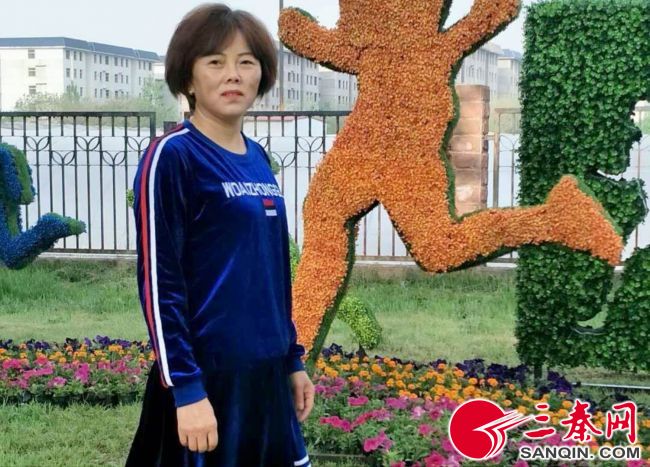 三八妇乐昝焕玲荣膺杨凌工人先锋岗标兵称号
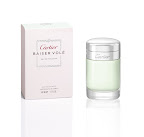 Cartier's perfume under this same name focused on the blossoming lily, but this lighter, eau de toilette version pays homage to the fresh, crisp bud. (Cartier Baiser Vole, $85, at Cartier Boutiques) Cartier's perfume under this same name focused on the blossoming lily, but this lighter, eau de toilette version pays homage to the fresh, crisp bud. (Cartier Baiser Vole, $85, at Cartier Boutiques)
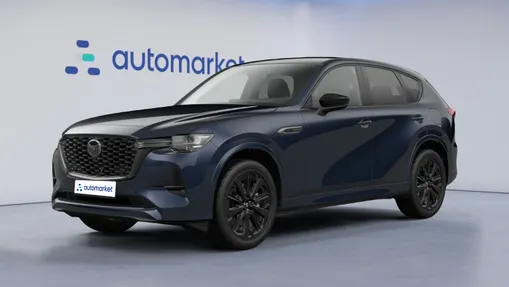 MAZDA CX-60 CX-60 3.3 D mHEV Homura Plus aut Nowy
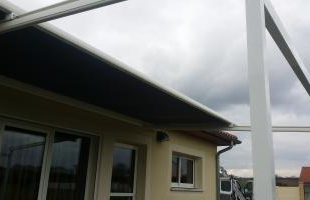  Store de terrasse Pergo'Store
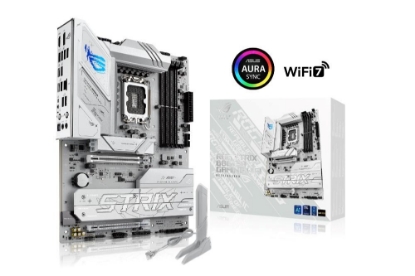 Obrázek ASUS MB Sc LGA1851 ROG STRIX B860-A GAMING WIFI, Intel B860, 4xDDR5, 1xThunderbolt, 1xDP, 1xHDMI, WiFi, ATX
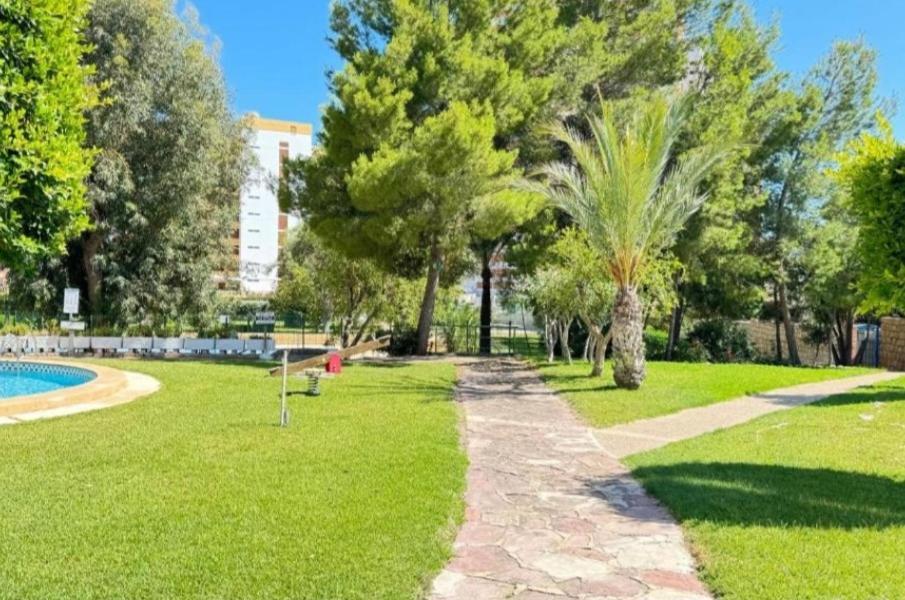 Apartamento Sun Beach Бенидорм Экстерьер фото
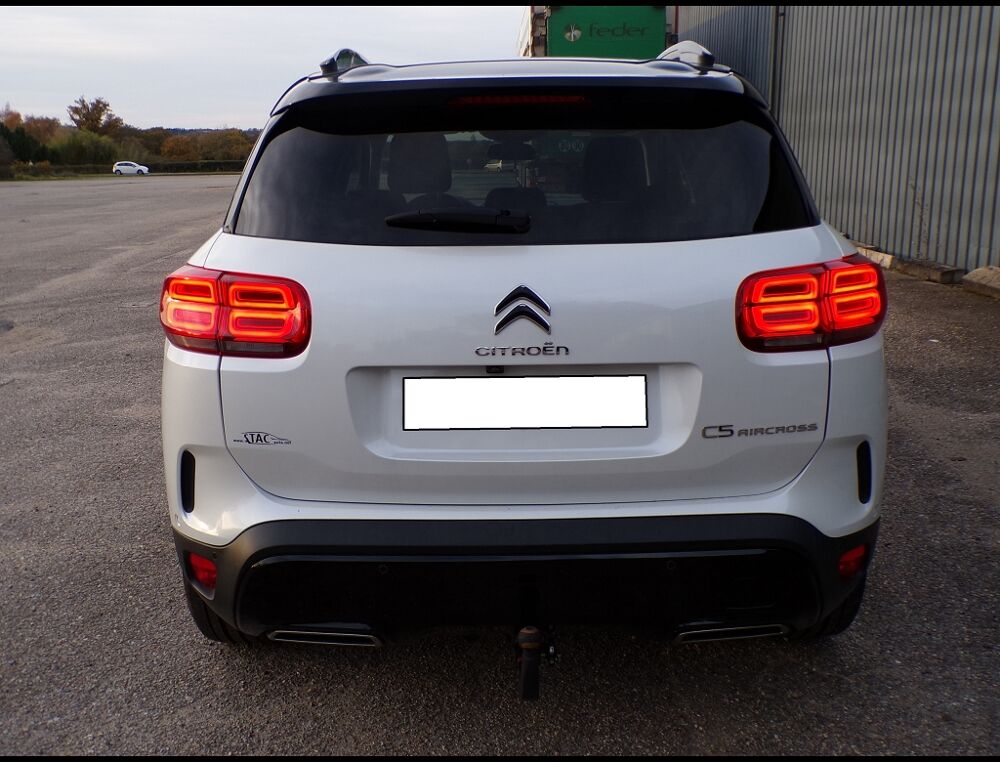 C5 aircross BHDI 180 SHINE EAT6 2019 occasion 03100 Montlu&ccedil;on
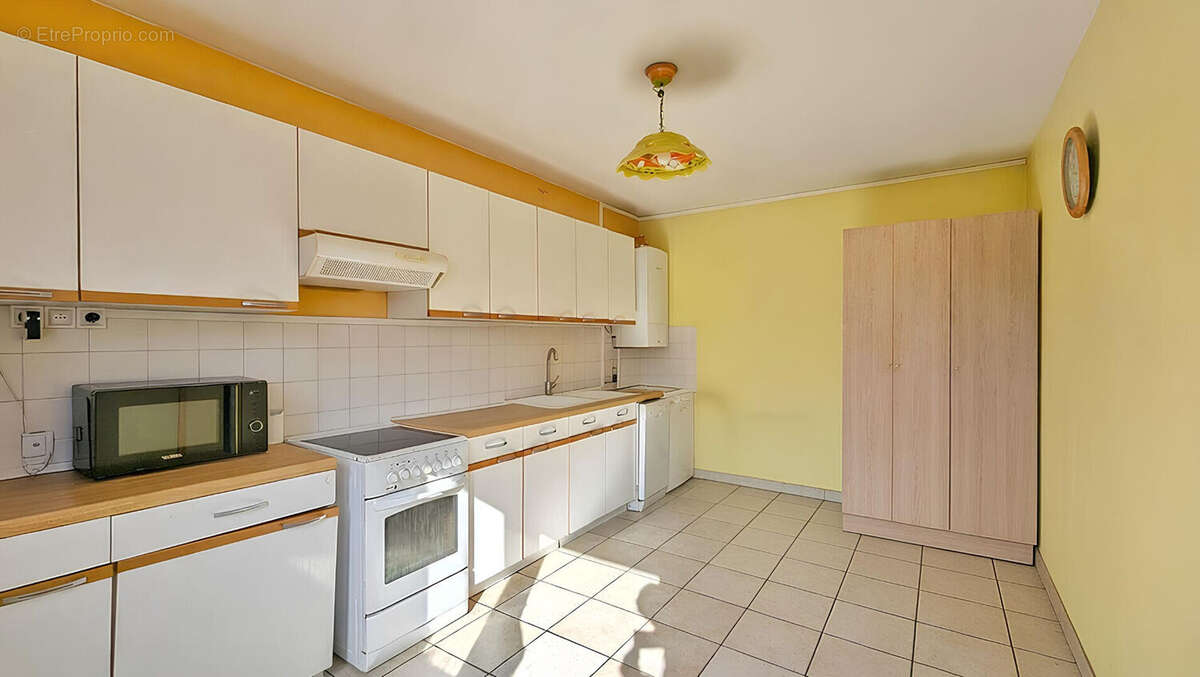 Appartement à SEYNOD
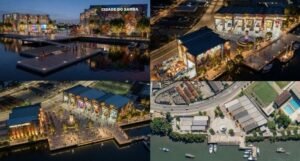 Cidade do Samba em Vitória é ampliada e terá 10 barracões para o Grupo Especial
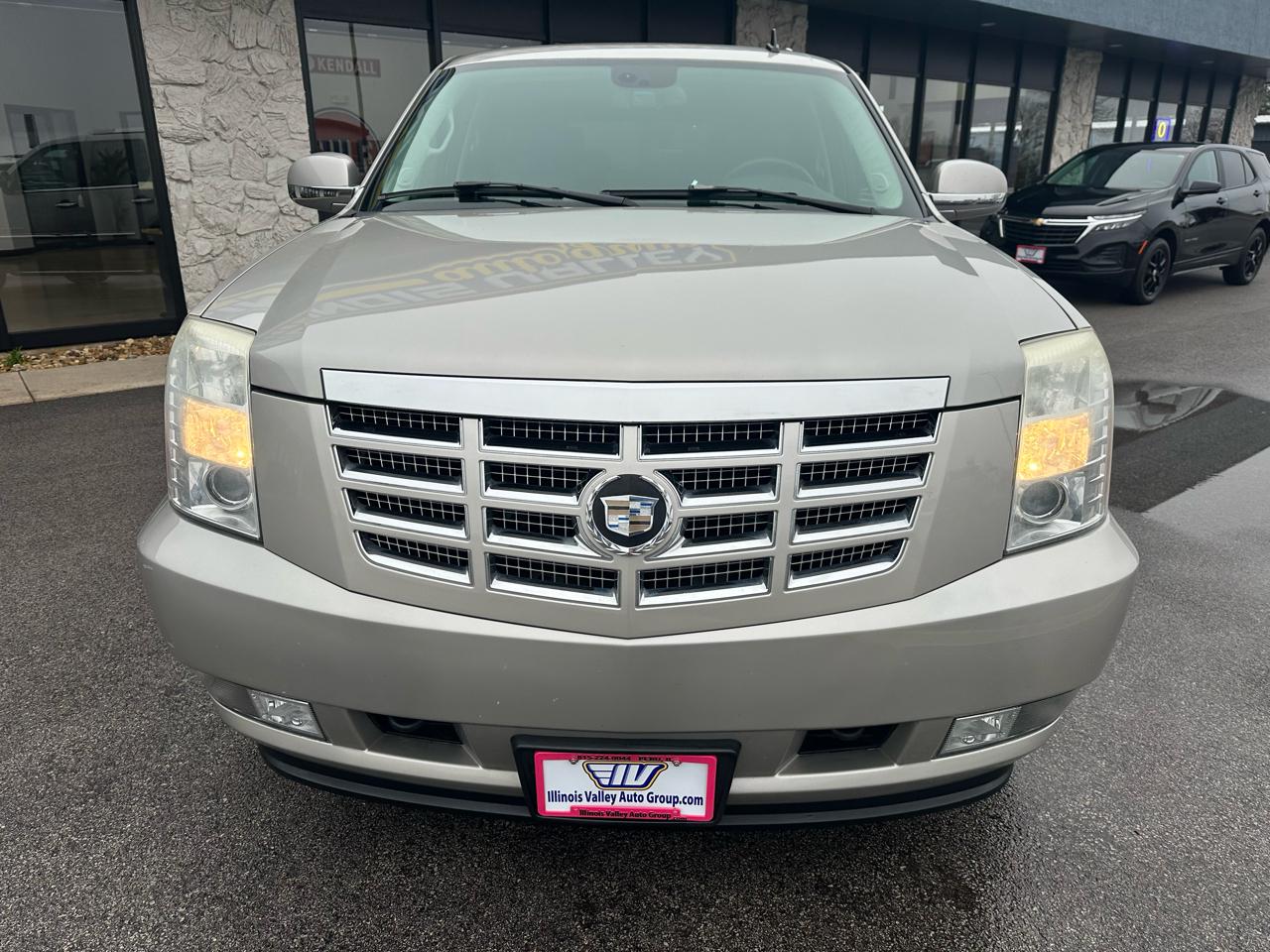 Cadillac Escalade 2WD 2007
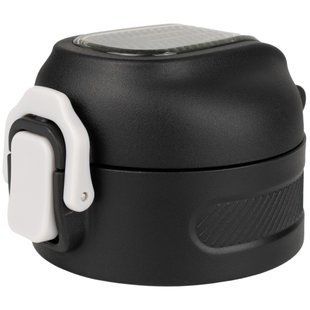 Крышка для термокружки Tribe Urban 0,6 л с трубочкой T-DZ-0024-black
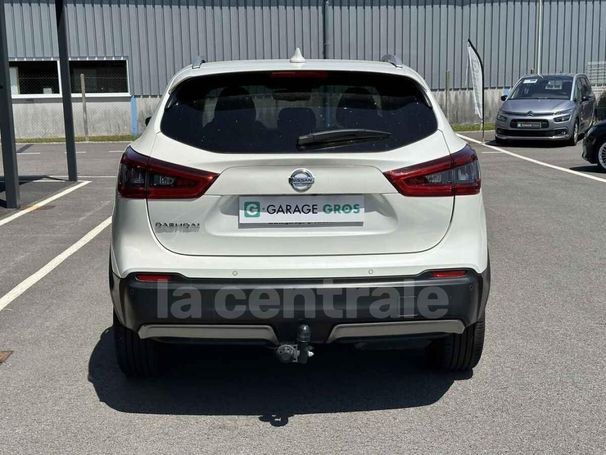 Nissan Qashqai 1.5 dCi N-CONNECTA 85 kW image number 4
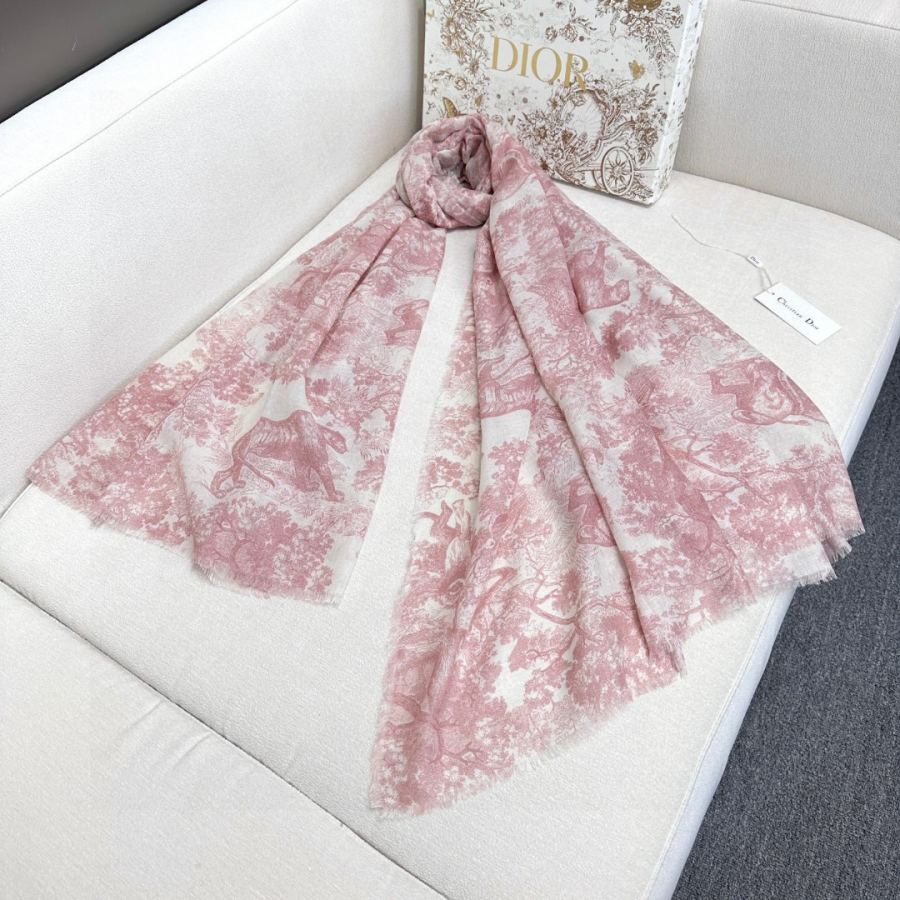 1:1 Replica Dior scarf — Premium Replica — photo 6
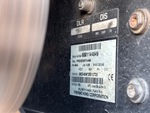 General Appearance with Refrigeration Unit Serial Number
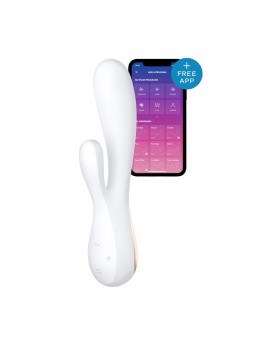 SATISFYER MONOFLEX - White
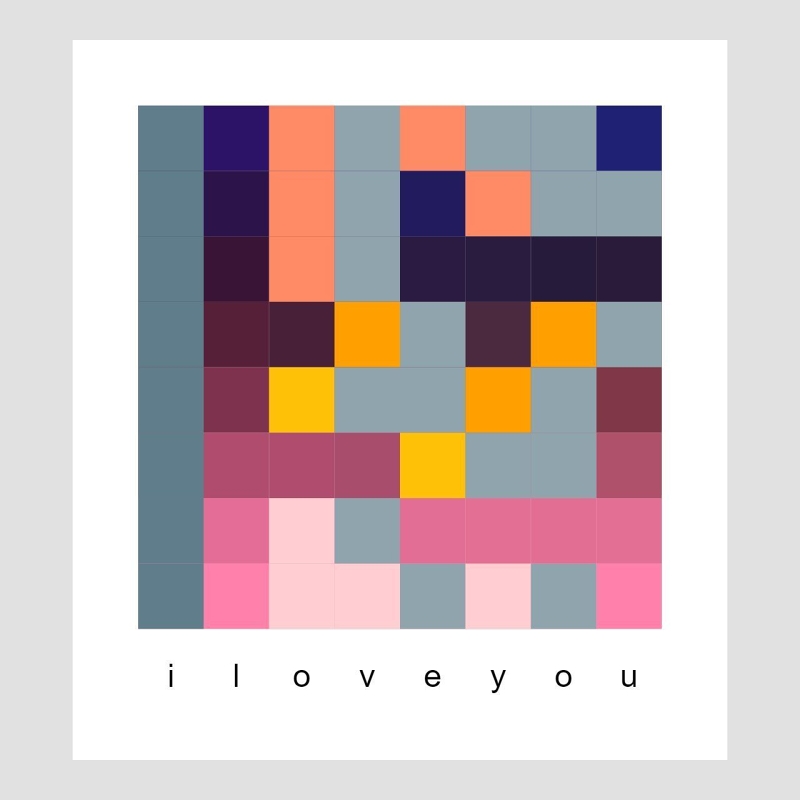 iloveyou II.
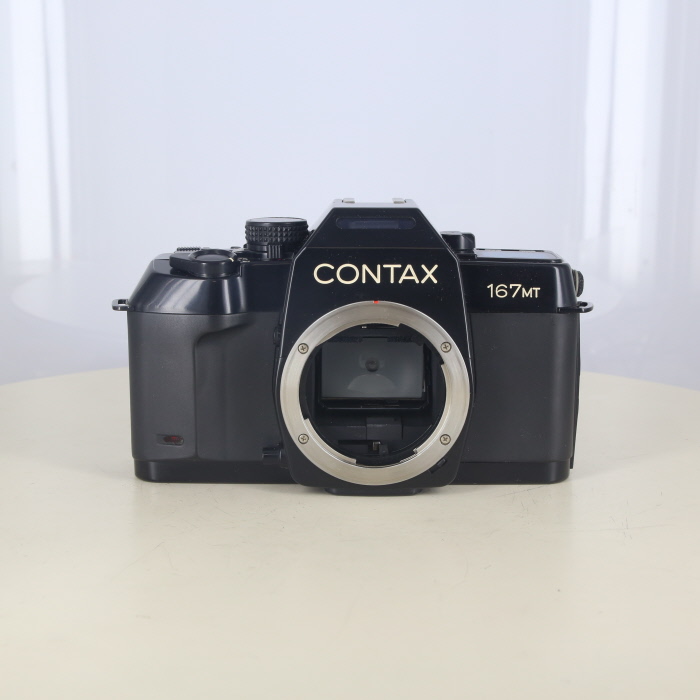 【中古】(コンタックス) CONTAX 167MT ボディ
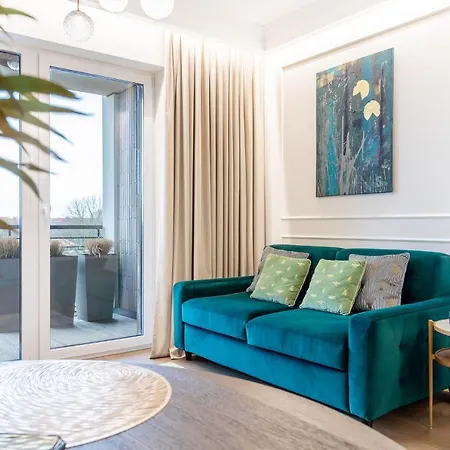 Apartamentai Felikso Namai * Клайпеда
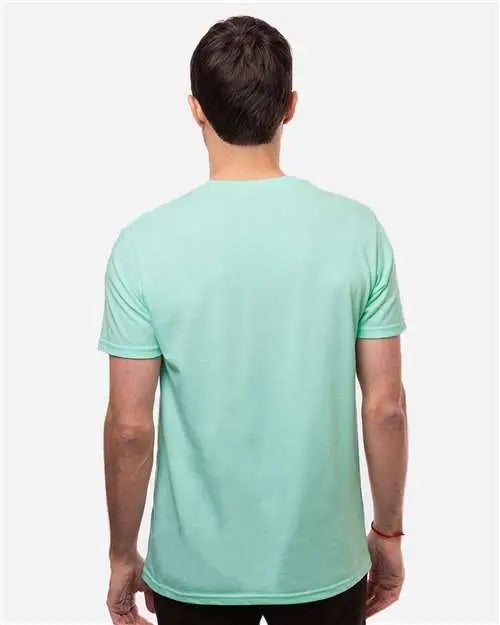 Econscious Ec1000 Classic T-shirt - Sunwashed Mint - Sunwashed Mint / s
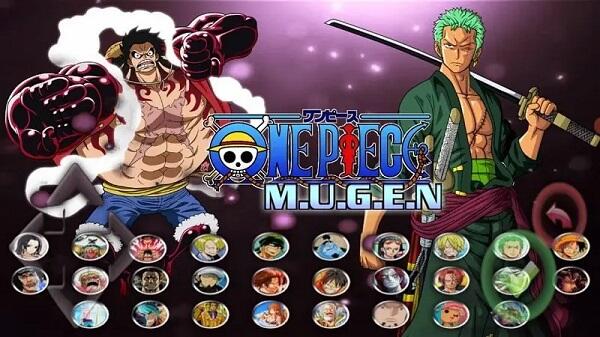 One Piece Mugen APK 12.0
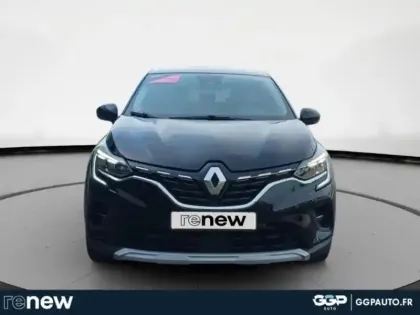 Photo 7 Renault Captur  1.6 E-Tech hybride 145ch Intens -21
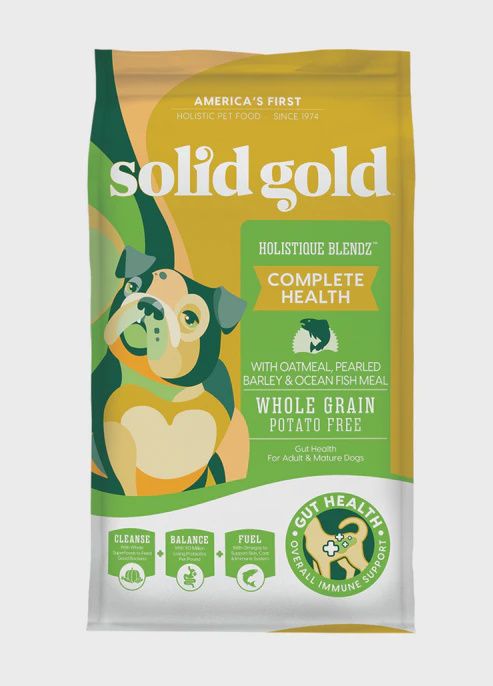 Solid Gold Complete Health - Holistique Blendz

*What is required:* Reproduce, word for word, only the lines in the records above from the line with "Apartamento Sun Beach" through the line with "Крышка для термокружки", including both ends; omit the pictures.

*Output of the task:*
 Apartamento Sun Beach Бенидорм Экстерьер фото
 C5 aircross BHDI 180 SHINE EAT6 2019 occasion 03100 Montlu&ccedil;on
 Appartement à SEYNOD
 Cidade do Samba em Vitória é ampliada e terá 10 barracões para o Grupo Especial
 Cadillac Escalade 2WD 2007
 Крышка для термокружки Tribe Urban 0,6 л с трубочкой T-DZ-0024-black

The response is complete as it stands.